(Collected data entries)
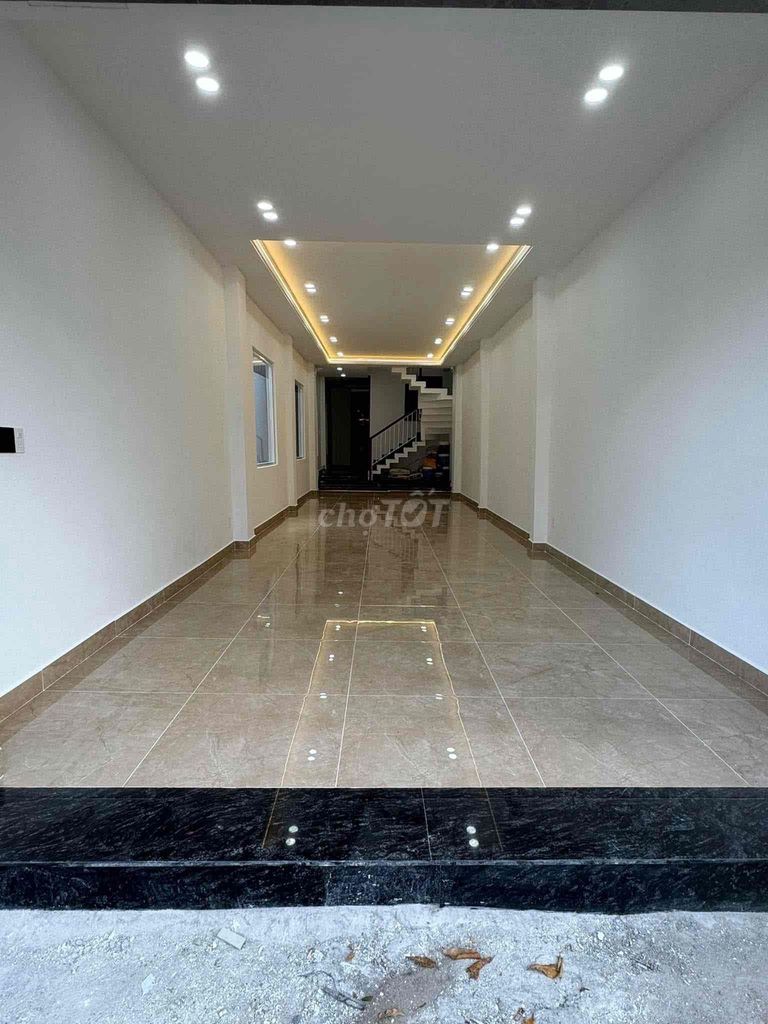 Rent a three-story business house on Thống Nhất Gò Vấp.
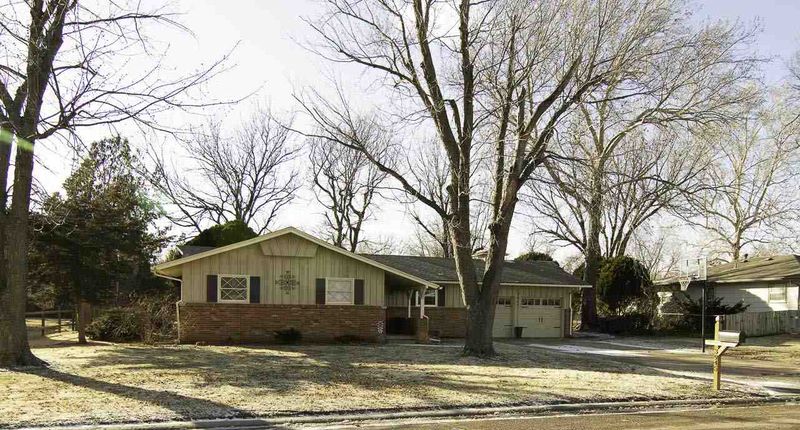 3945 N Charles, Wichita, KS 67204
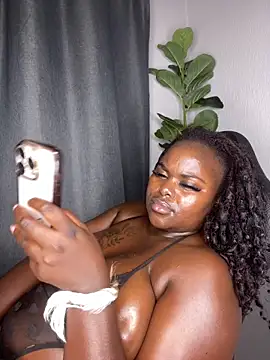 Honeycoco0211 online show from 10/03/25, 08:06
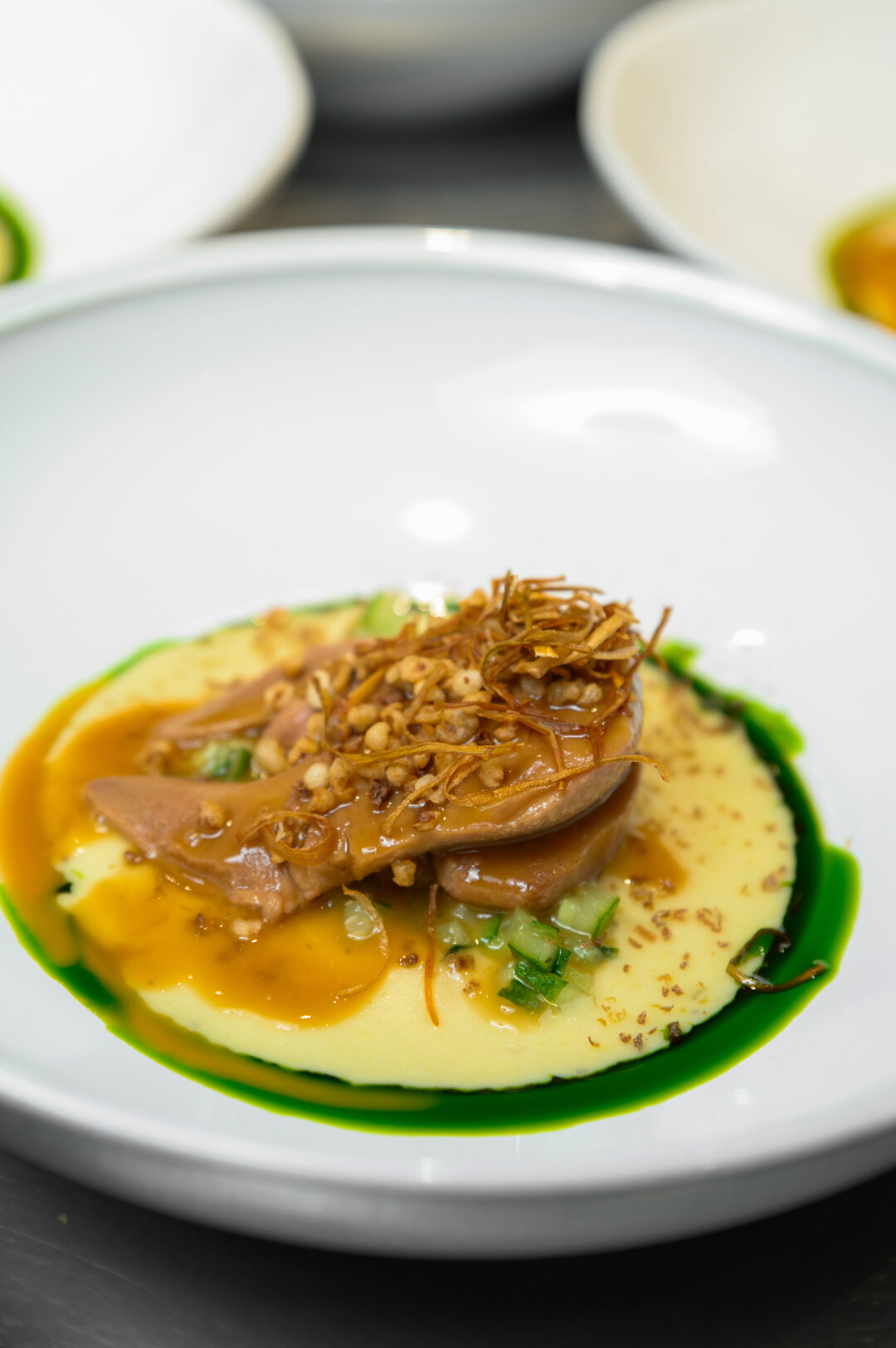 Томленные язычки барашка, пармантье, попкорн из гречки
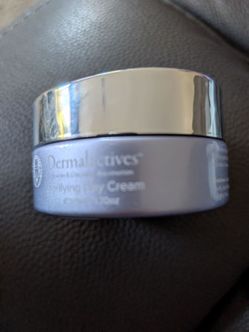 Brand new Dermalactives Purifying day cream
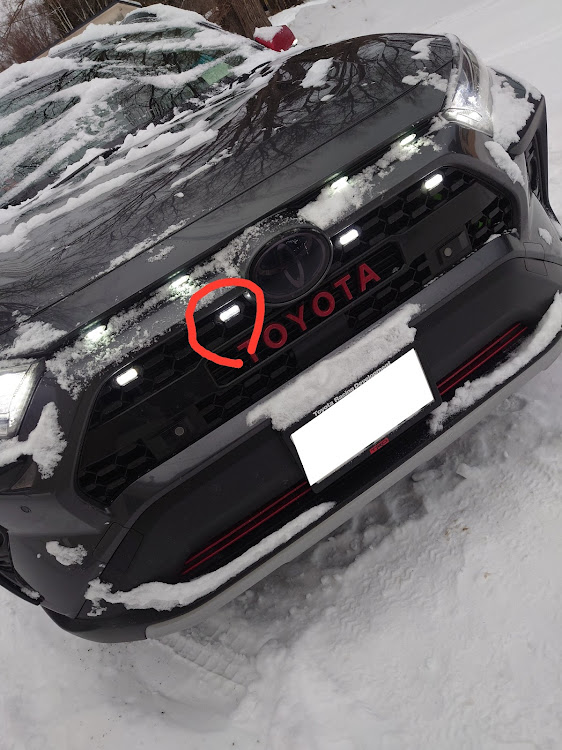 RAV4のRAV4・ジョリーロジャーズ・グリルマーカーに関するカスタム事例の投稿画像1枚目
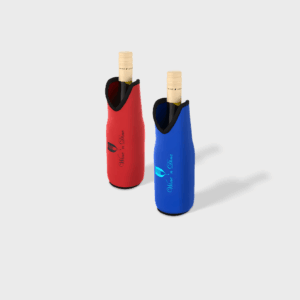 Bouteilles vin rouge et bleu avec housses.
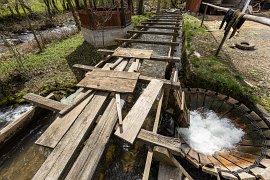 Zde přívod vody funguje zároveň jako mlýnský náhon (2025)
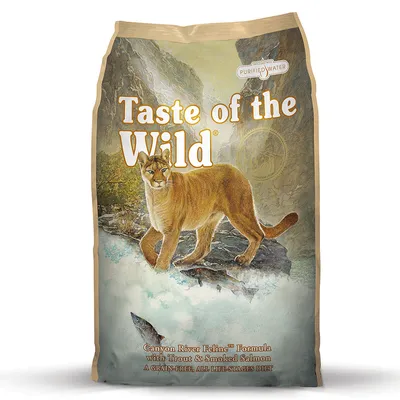 Taste of the Wild Canyon River Feline Formula with Trout & Smoked Salmon, PURIFIED WATER. Text på engelska synlig på förpackningen.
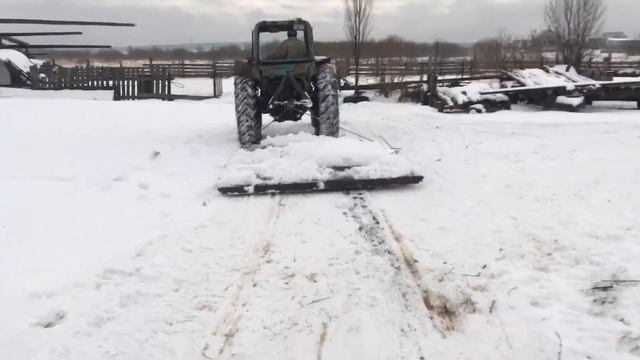 МТЗ 80 ровняет дорогу смотреть онлайн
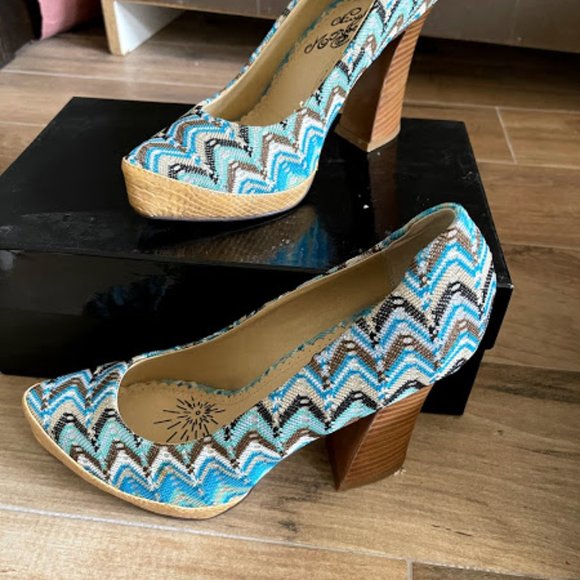Naughty Monkey Chunky Heeled Shoe - Picture 1 of 2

(About this task): All of the data should come back exactly as written, but without pictures.

(Solution to the exercise):
 Rent a three-story business house on Thống Nhất Gò Vấp.
 3945 N Charles, Wichita, KS 67204
 Honeycoco0211 online show from 10/03/25, 08:06
 Томленные язычки барашка, пармантье, попкорн из гречки
 Brand new Dermalactives Purifying day cream
 RAV4のRAV4・ジョリーロジャーズ・グリルマーカーに関するカスタム事例の投稿画像1枚目
 Bouteilles vin rouge et bleu avec housses.
 Zde přívod vody funguje zároveň jako mlýnský náhon (2025)
 Taste of the Wild Canyon River Feline Formula with Trout & Smoked Salmon, PURIFIED WATER. Text på engelska synlig på förpackningen.
 МТЗ 80 ровняет дорогу смотреть онлайн
Naughty Monkey Chunky Heeled Shoe - Picture 1 of 2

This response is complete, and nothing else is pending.